● **PROBLEM**
Ignoring every picture, return the lines of the listing below word for word, from the line that holds "Office chair like new" through the line that holds "Metalltrepp kaetud puidust astmetega.".

● **DATA SHOWN**
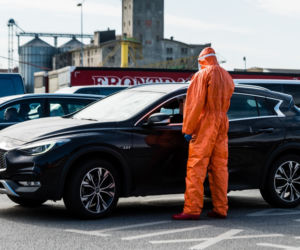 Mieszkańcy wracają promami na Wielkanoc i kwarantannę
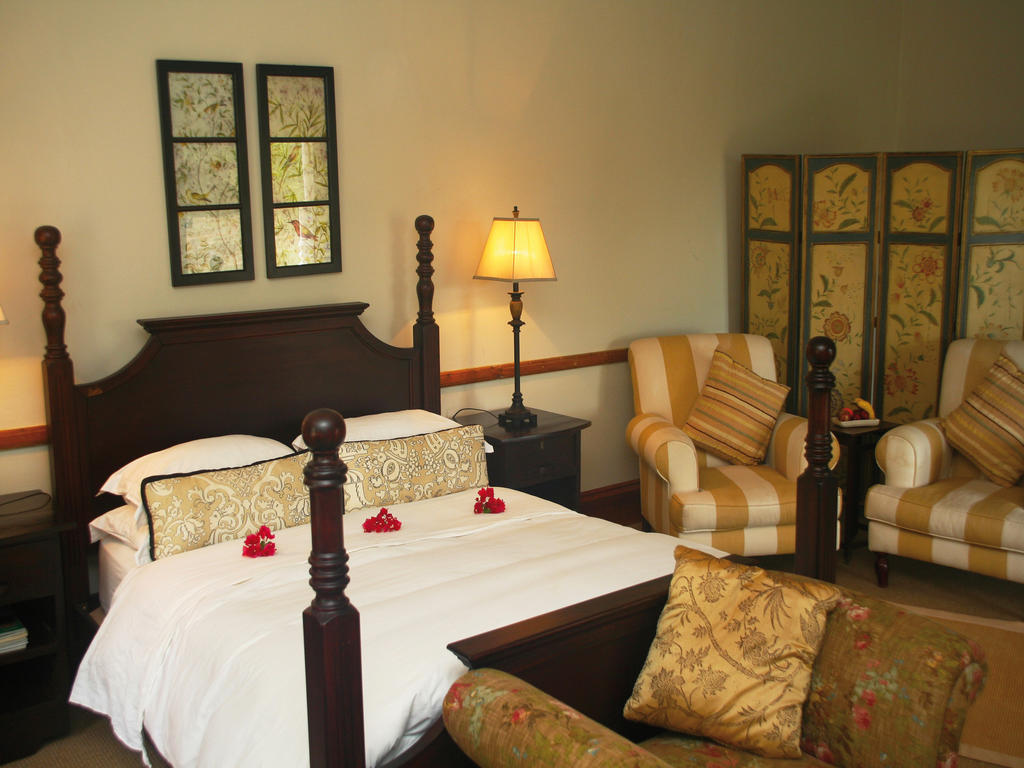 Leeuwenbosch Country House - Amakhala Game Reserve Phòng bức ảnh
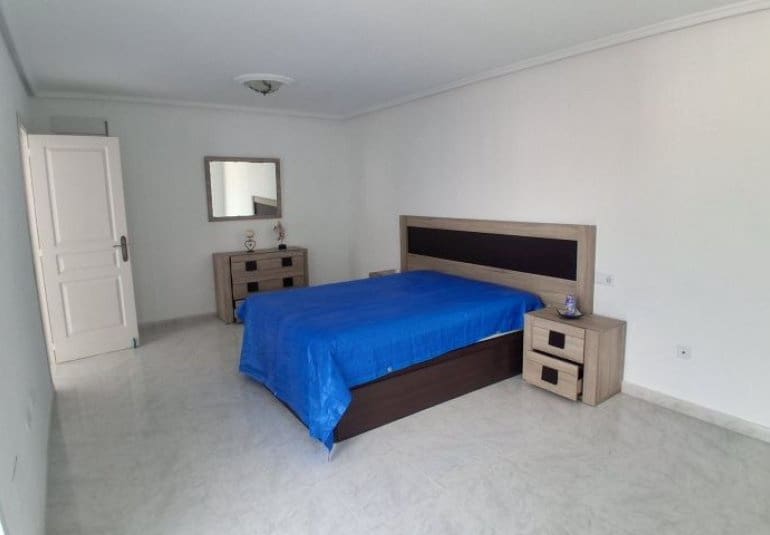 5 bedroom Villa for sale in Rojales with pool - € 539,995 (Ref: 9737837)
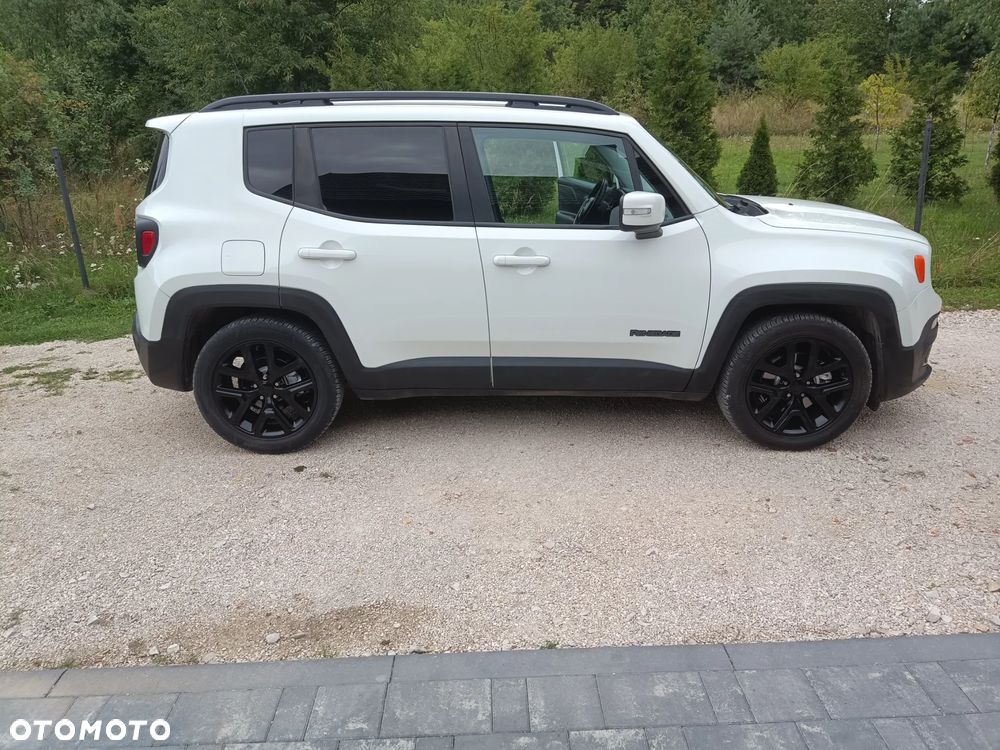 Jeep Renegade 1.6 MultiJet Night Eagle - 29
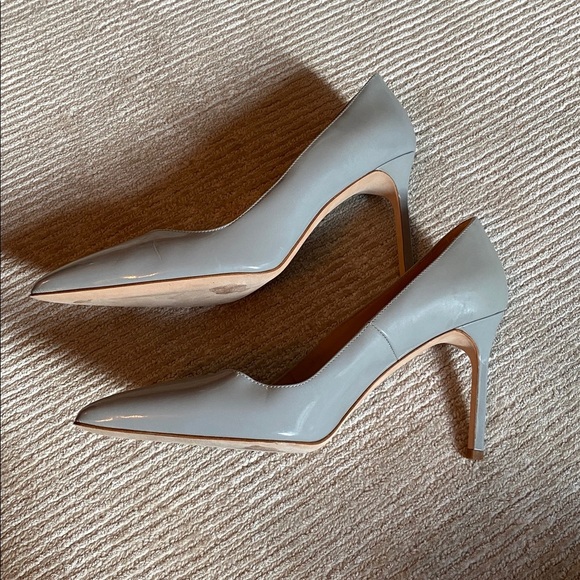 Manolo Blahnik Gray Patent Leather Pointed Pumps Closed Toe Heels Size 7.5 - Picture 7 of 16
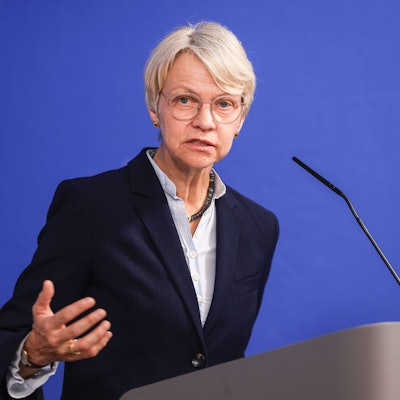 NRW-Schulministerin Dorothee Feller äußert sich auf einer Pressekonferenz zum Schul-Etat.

---

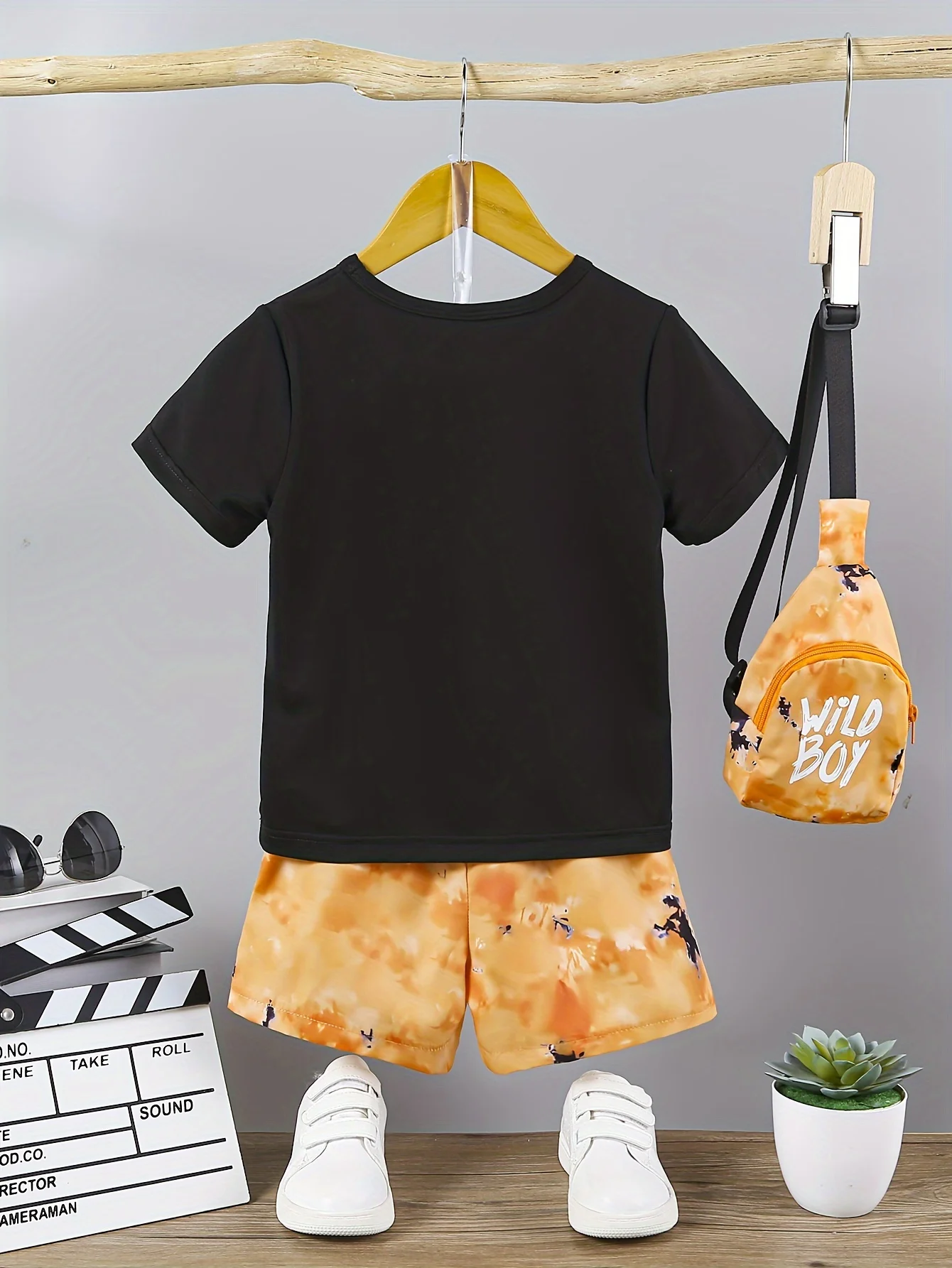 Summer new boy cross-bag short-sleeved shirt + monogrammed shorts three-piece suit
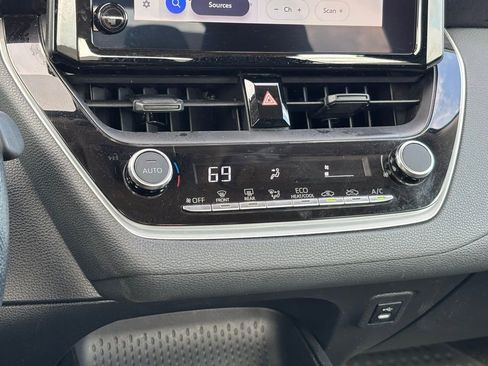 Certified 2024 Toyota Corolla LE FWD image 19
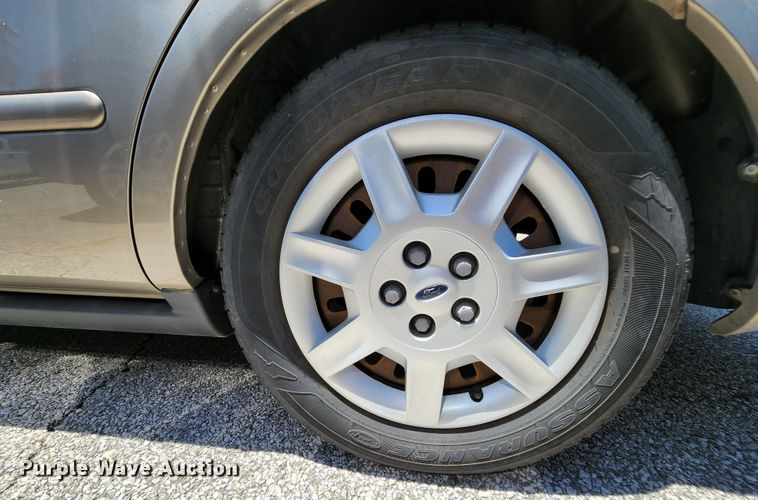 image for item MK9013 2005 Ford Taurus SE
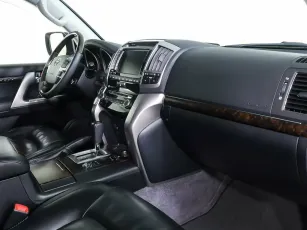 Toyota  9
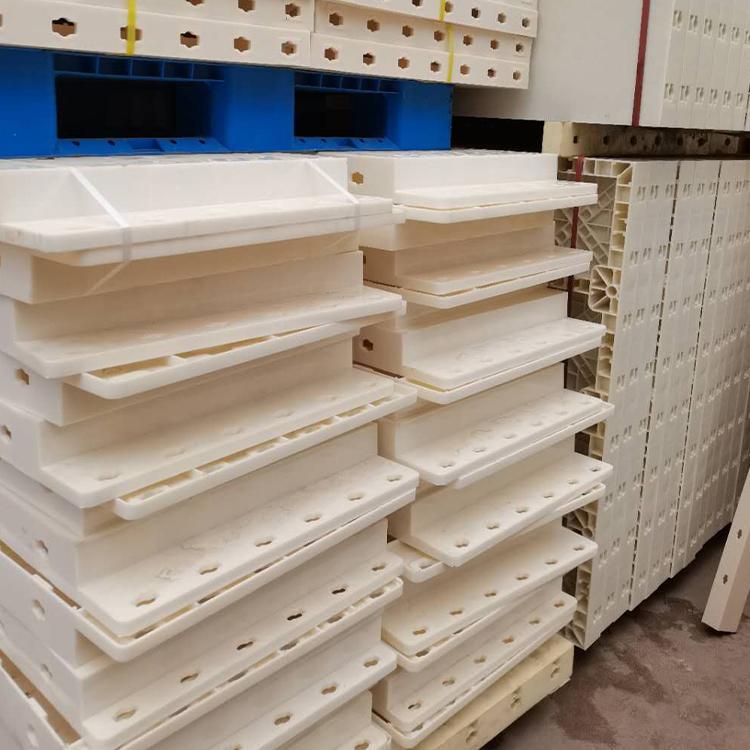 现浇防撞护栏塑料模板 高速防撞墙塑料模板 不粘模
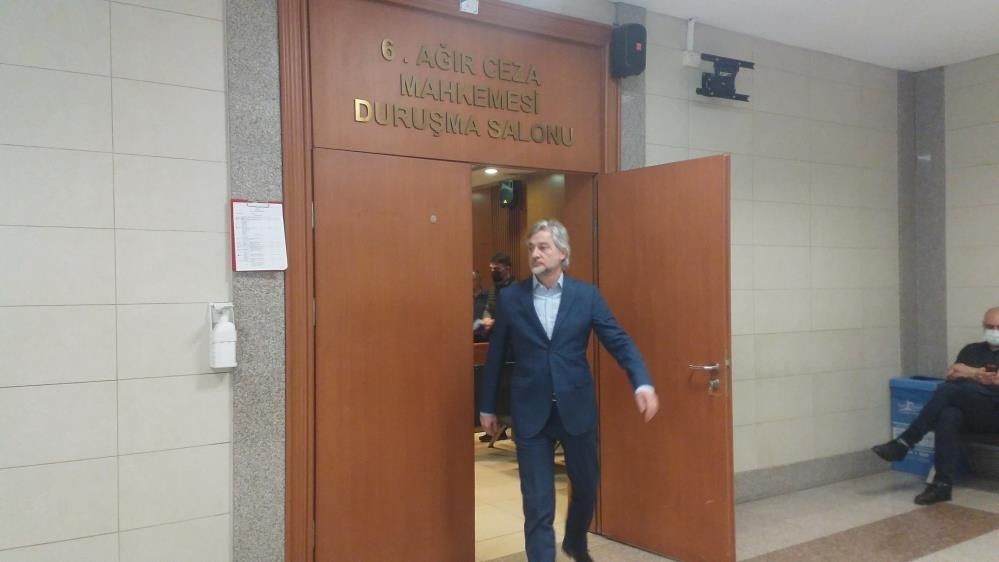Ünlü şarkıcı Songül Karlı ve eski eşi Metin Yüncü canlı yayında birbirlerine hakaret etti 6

--

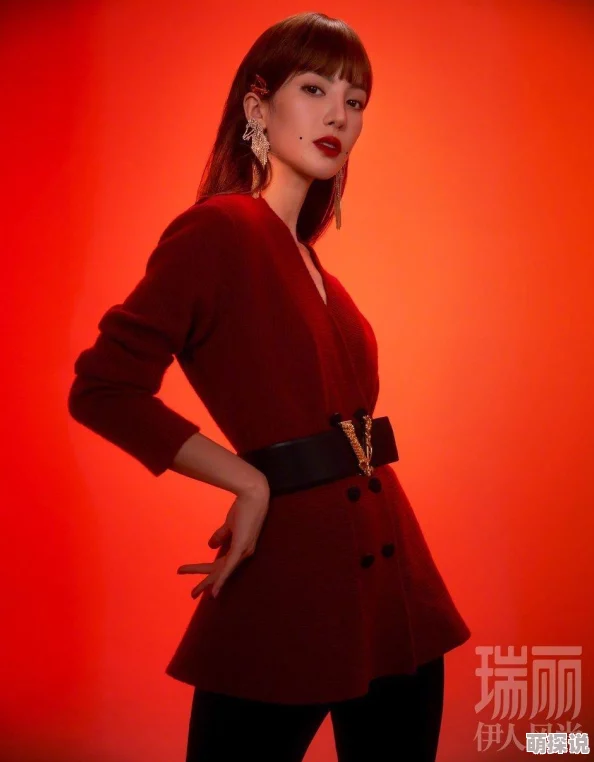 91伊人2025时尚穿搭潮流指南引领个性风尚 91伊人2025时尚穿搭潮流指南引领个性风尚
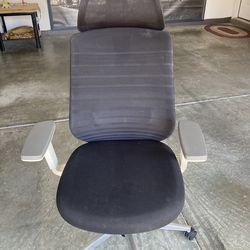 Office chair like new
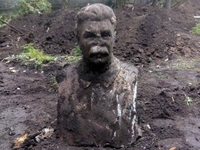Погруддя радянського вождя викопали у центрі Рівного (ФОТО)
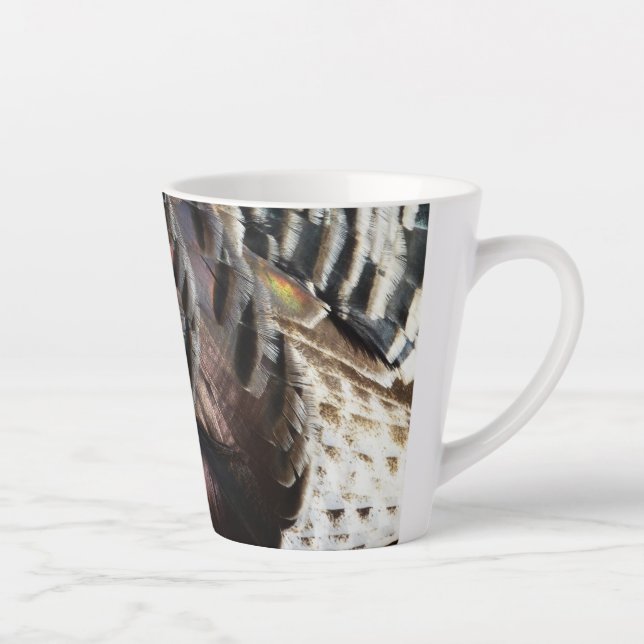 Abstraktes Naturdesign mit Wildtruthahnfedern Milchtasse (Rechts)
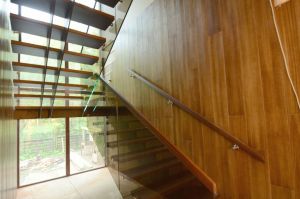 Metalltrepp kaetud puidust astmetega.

● **RESPONSE BELOW**
 Office chair like new
Погруддя радянського вождя викопали у центрі Рівного (ФОТО)
 Abstraktes Naturdesign mit Wildtruthahnfedern Milchtasse (Rechts)
 Metalltrepp kaetud puidust astmetega.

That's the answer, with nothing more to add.